To resolve this, I modified the truncation machinery to handle partial truncation. This is hard because you may have many indirect blocks involved with many children blocks in different states. An indirect is a filesystem block that does nothing but point to other blocks, like a page table does for memory. It also had to handle ffs's somewhat complex fragment rules as well as zeroing partially empty blocks. It handles all of this now and supports an arbitrary number of partial truncations to the same file without any blocking operations. It always keeps the on disk copy safe while the in memory copy is free to grow again and indeed be truncated again after that. New pointers are not recorded in an indirect until prior truncation completes so there is no ambiguity about what revision of the file the blocks are from. This brings more complexity to fsync() which must now flush all pending truncations to disk before it can return.

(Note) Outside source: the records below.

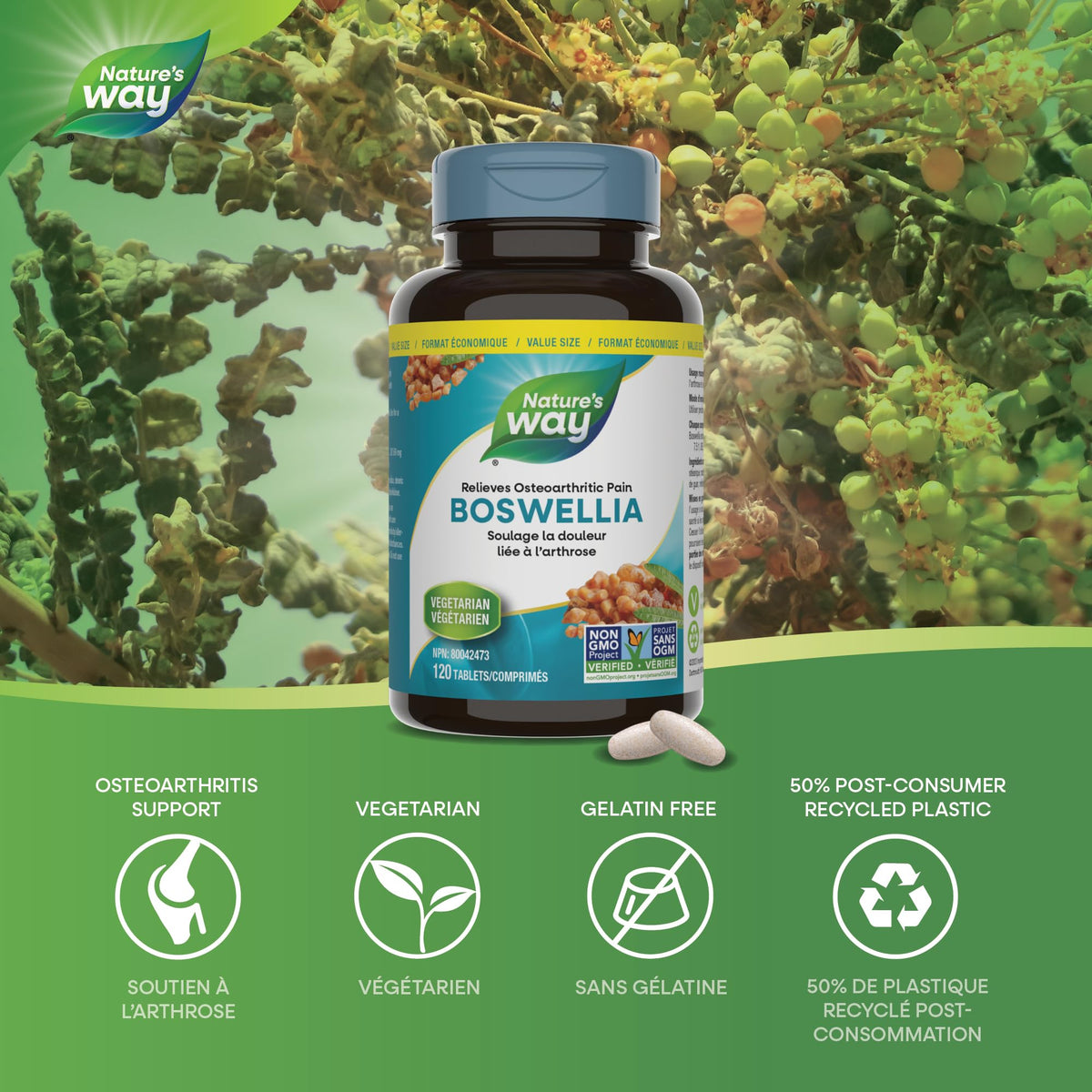 Nature’s Way Boswellia, 115 mg Boswellic Acids – Helps Relieve Joint Pain & Swelling Associated with Osteoarthritis of the Knee – Vegetarian, Non-GMO – 120 Tablets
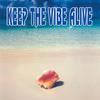 Keep The Vibe Alive - Bahamian Music(I Just Can't Get Enough) (feat. Spice)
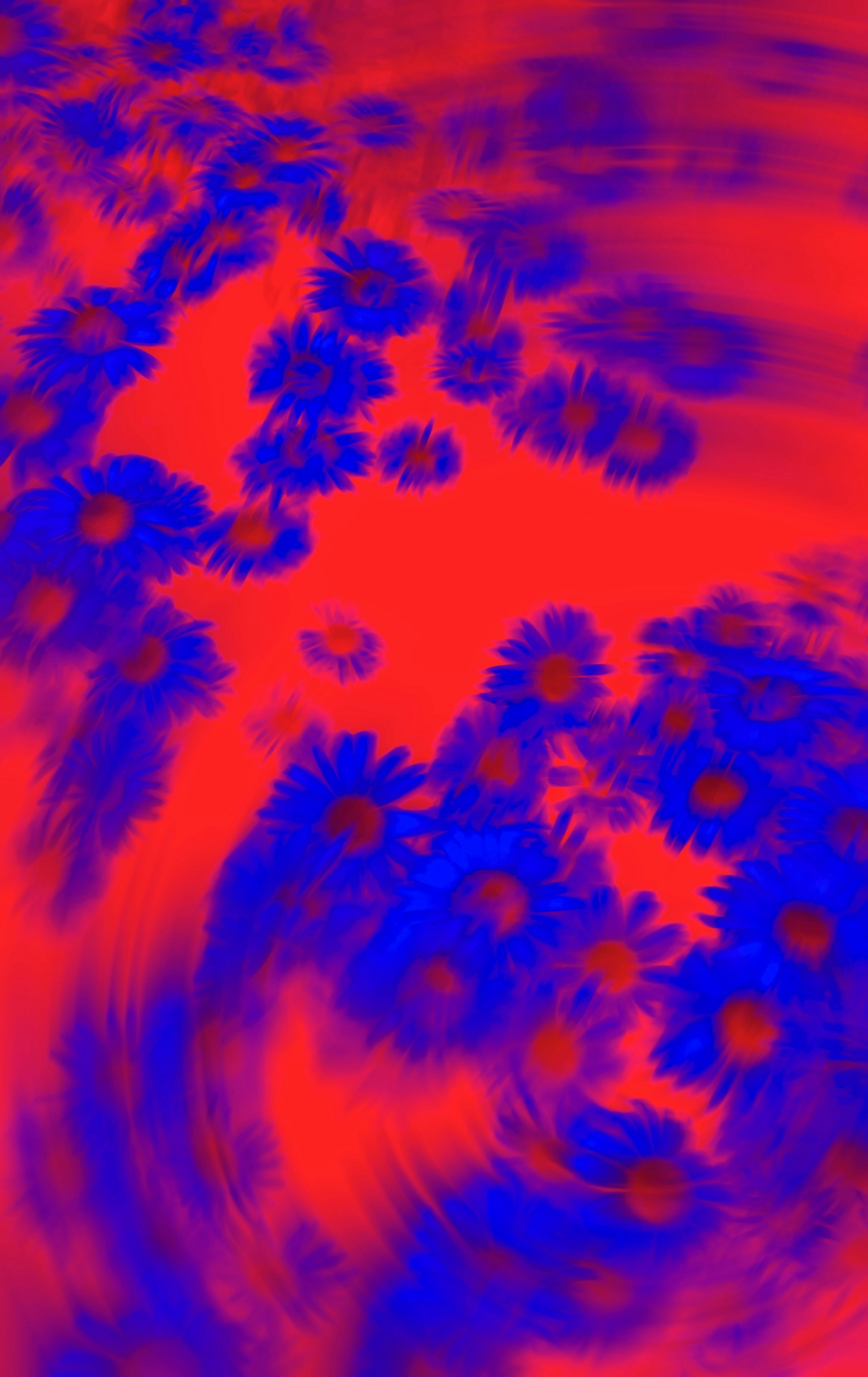 Un campo di fiori blu su sfondo rosso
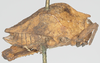CollectionObject 1576825; 817c978e-77c1-4815-a105-203df4512638: female, lateral view. (CollectionObject).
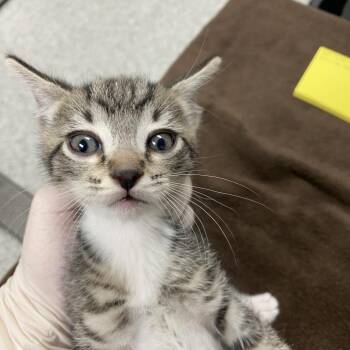 Nightwing -  Domestic Short Hair Cat for Adoption in Reno, Nevada - Nightwing | PetCurious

The truncation code is a kind of asynchronous state machine that operates on leaf blocks first and then walks backwards up the tree until it reaches the root. This ensures that we always have a valid path to a block in case we crash. Indirects are only freed when all of their children are freed. For partial truncate, the block is zeroed only once those child pointers that need be are freed. Finally when all blocks have been freed the journal space can be reclaimed.
This post can not convey how complex this work was. It may not sound very dramatic or impressive but it truly has been one of the most complex projects I have ever undertaken.